Final project for the Probabilistic models for decision making course, from my MSc in Computer Science: an interactive and real time 2D simulation of the Kalman Filter in use to reduce input noise.

The Kalman Filter is an algorithm that uses a series of measurements observed over time, containing statistical noise and other inaccuracies, and produces estimates of unknown variables that tend to be more accurate than those based on a single measurement alone, by estimating a joint probability distribution over the variables for each timeframe. The algorithm works in a two-step process. In the prediction step, the Kalman filter produces estimates of the current state variables, along with their uncertainties. Once the outcome of the next measurement (necessarily corrupted with some amount of error, including random noise) is observed, these estimates are updated using a weighted average, with more weight being given to estimates with higher certainty. The algorithm is recursive.

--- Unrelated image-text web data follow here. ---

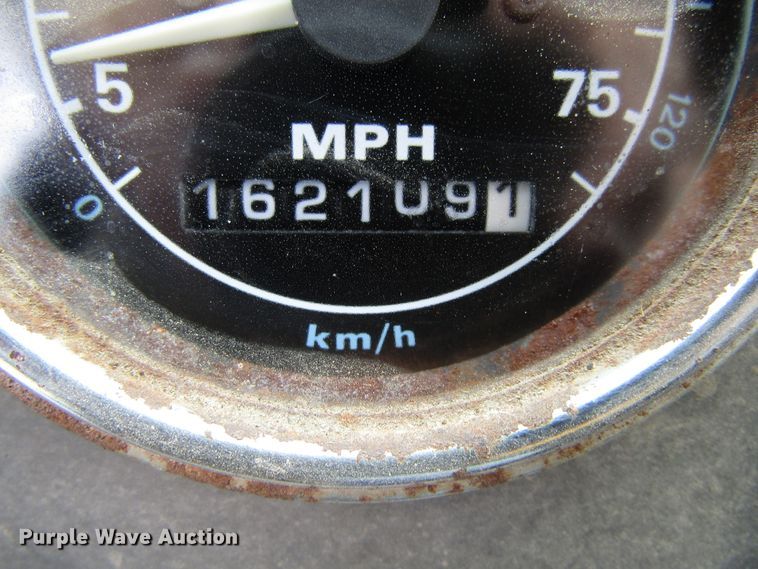 image for item GQ9190 1994 Ford LT9000  dump truck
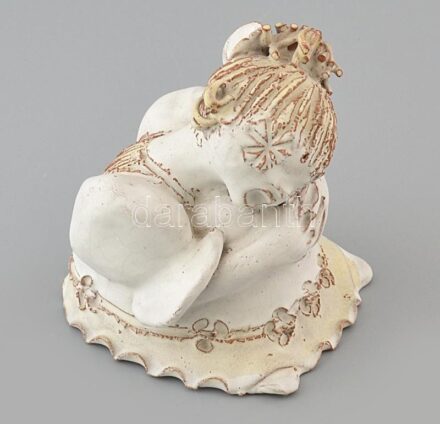 Kovács Éva (1938-2017): Ülő lány, mázas kerámia, hibátlan, jelzett, m: 11,5 cm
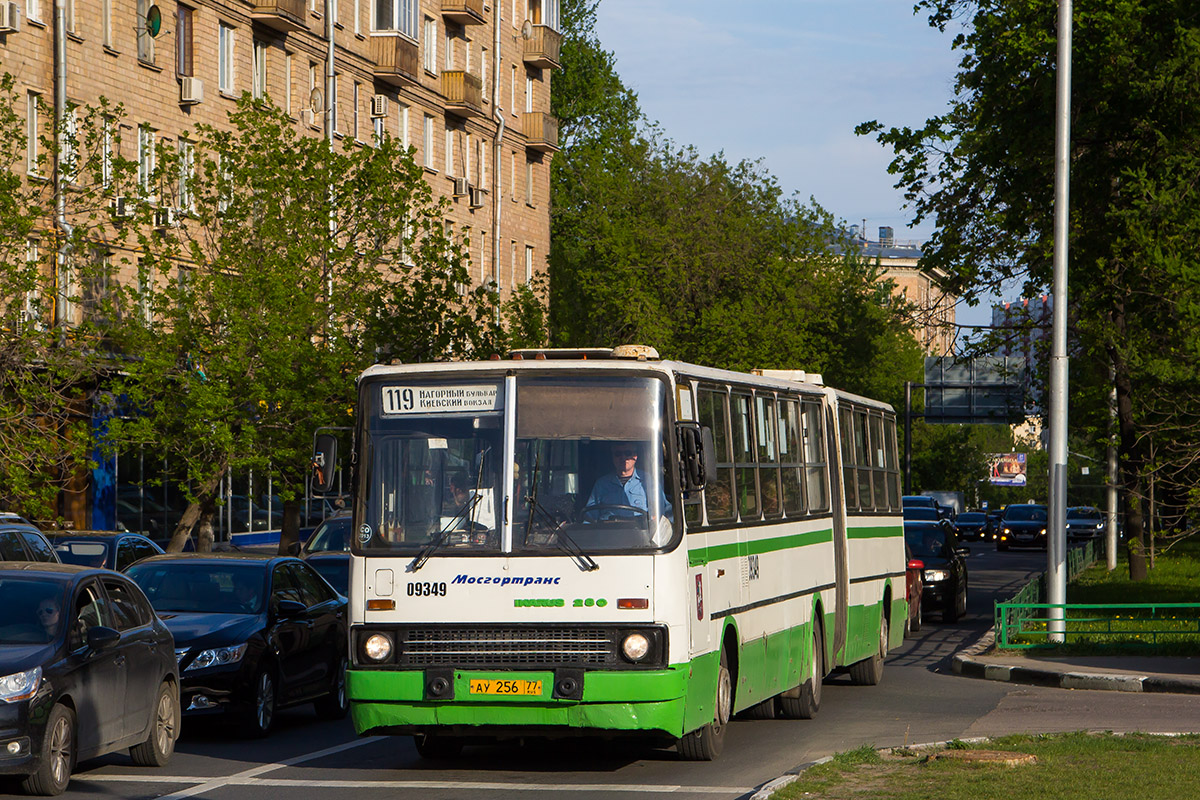 Moskva, Ikarus 280.33M č. 09349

It can run in real time, using only the present input measurements and the previously calculated state and its uncertainty matrix; no additional past information is required.

Algorithm pseudocode:

m = [X, Y, deltaX, deltaY]  ← measurement vector
c = [0, 0, 0, 0]            ← control vector (not used here)

Prediction Step:
x = (A * x) + (B * c)
P = (A * P * AT) + Q        ← AT is the matrix transpose of A

Correction Step:
S = (H * P * HT) + R        ← HT is the matrix transpose of H
K = P * HT * S-1            ← S-1 is the matrix inverse of S
y = m - (H * x)
x = x + (K * y)
P = (I - (K * H)) * P       ← I is the Identity matrix


If prediction is enabled, the prediction step is looped for n 
    more frames after the above code is executed:

predX = x
predX = (A * predX) + (B * c)


The estimated position of the cursor is in the x vector:

x ← [xPos, yPos, xVel, yVel] 

git clone
npm install
npm run serve

Publish on avivace.github.io/kalman:

npm run deploy

Development is done on the develop branch due to GitHub's restriction on branches for user pages (the build is deployed on the master branch and published to avivace.github.io/kalman from there).

• Vue.js JS framework;
• MuseUI CSS framework;
• Sylvester Vector and matrix math;
• CanvasRenderingContext2D web API to draw the simulation.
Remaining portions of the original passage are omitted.